PROBLEM TO WORK ON: Copy each line below exactly and leave the pictures out.

══ THE DATA

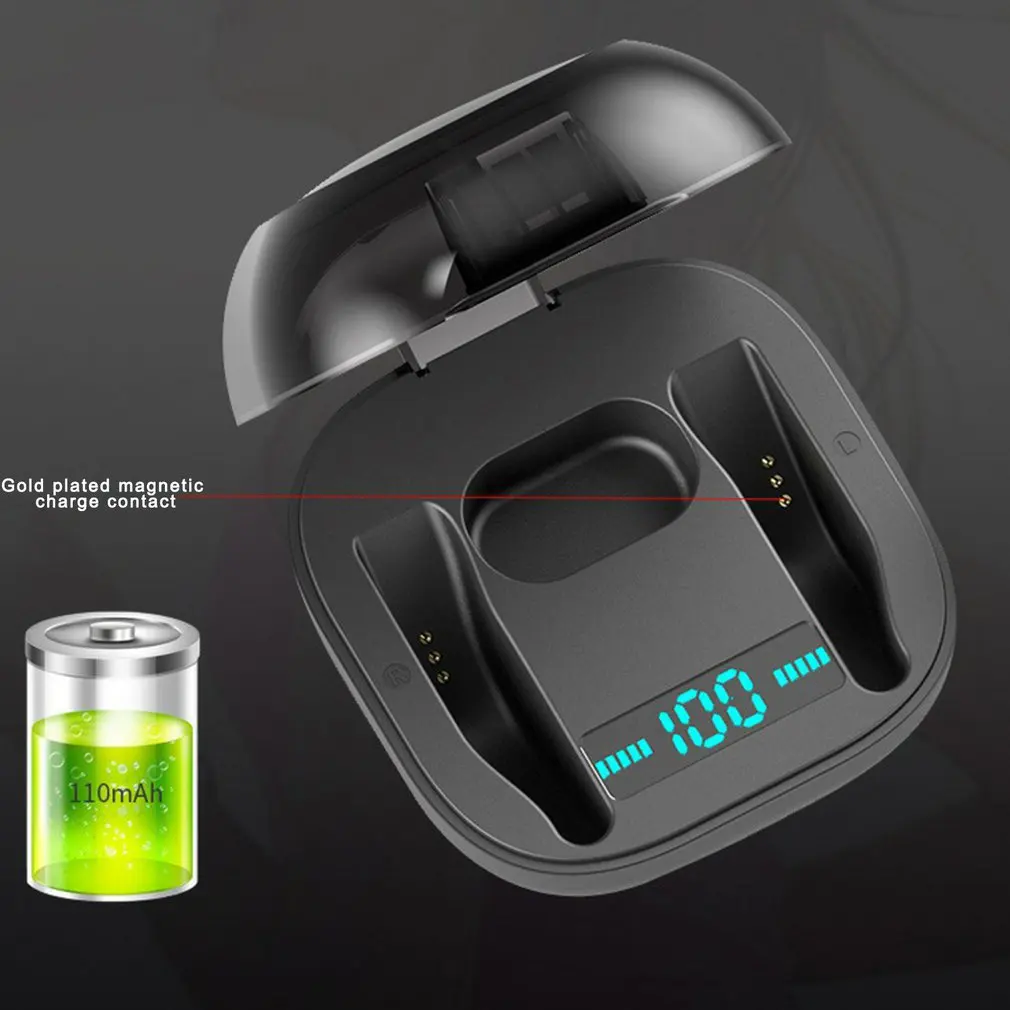 

Wireless Earbuds Bluetooth 5.0 Headphones TWS True Wireless Stereo Headset IPX8 Waterproof in-Ear Earphones Built-in Micophone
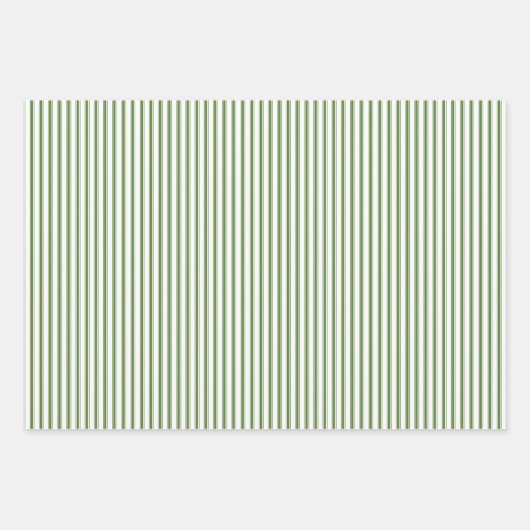 Whimsical Hand Drawn Doodle Green Inpakpapier Vel (Voorkant 2)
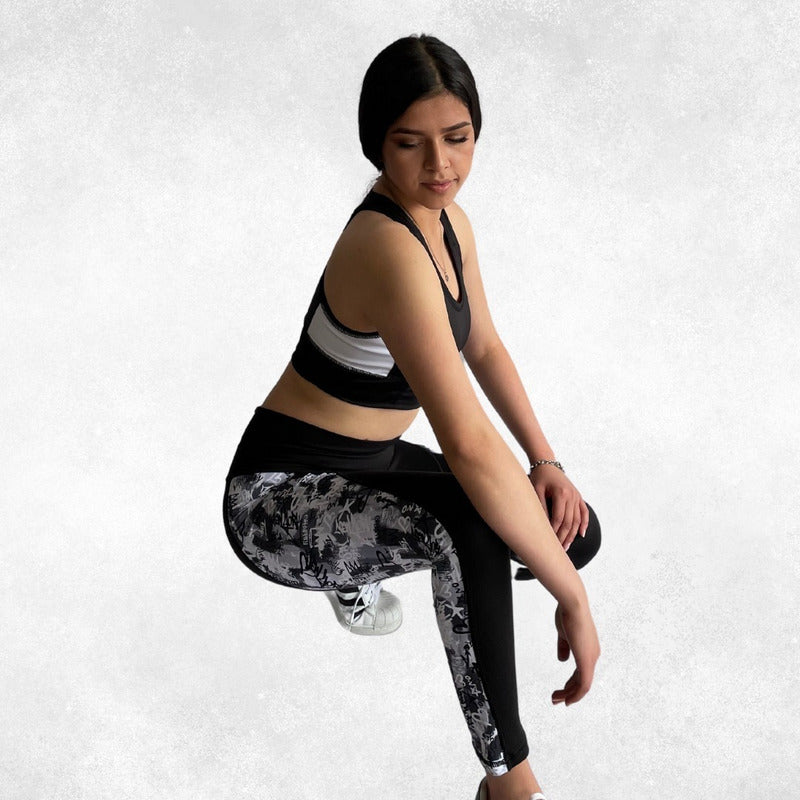 Conjunto Deportivo 2 Piezas Lycra Dama Mujer Varios Colores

════

PROBLEM SOLUTION:
Wireless Earbuds Bluetooth 5.0 Headphones TWS True Wireless Stereo Headset IPX8 Waterproof in-Ear Earphones Built-in Micophone
 Whimsical Hand Drawn Doodle Green Inpakpapier Vel (Voorkant 2)
 Conjunto Deportivo 2 Piezas Lycra Dama Mujer Varios Colores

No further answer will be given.